▸ Try it:
Start at the line below containing "A BUTTON LEATHER UPHOLSTERED DRESSING STOOL." and stop at the line containing "Lezzetli fırınlanmış pirzola, baharatlar, tuz". Repeat every line of that stretch exactly, and nothing outside it.

▸ Study material:
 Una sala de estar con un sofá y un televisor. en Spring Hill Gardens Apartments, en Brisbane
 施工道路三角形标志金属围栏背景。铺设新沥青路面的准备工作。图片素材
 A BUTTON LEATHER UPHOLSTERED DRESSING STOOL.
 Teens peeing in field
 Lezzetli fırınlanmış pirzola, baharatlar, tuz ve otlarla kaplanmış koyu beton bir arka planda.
...
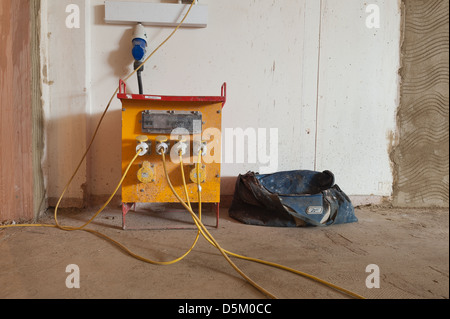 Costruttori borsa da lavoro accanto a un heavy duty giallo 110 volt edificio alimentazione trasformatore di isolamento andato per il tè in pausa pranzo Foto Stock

▸ Final answer:
 A BUTTON LEATHER UPHOLSTERED DRESSING STOOL.
 Teens peeing in field
 Lezzetli fırınlanmış pirzola, baharatlar, tuz ve otlarla kaplanmış koyu beton bir arka planda.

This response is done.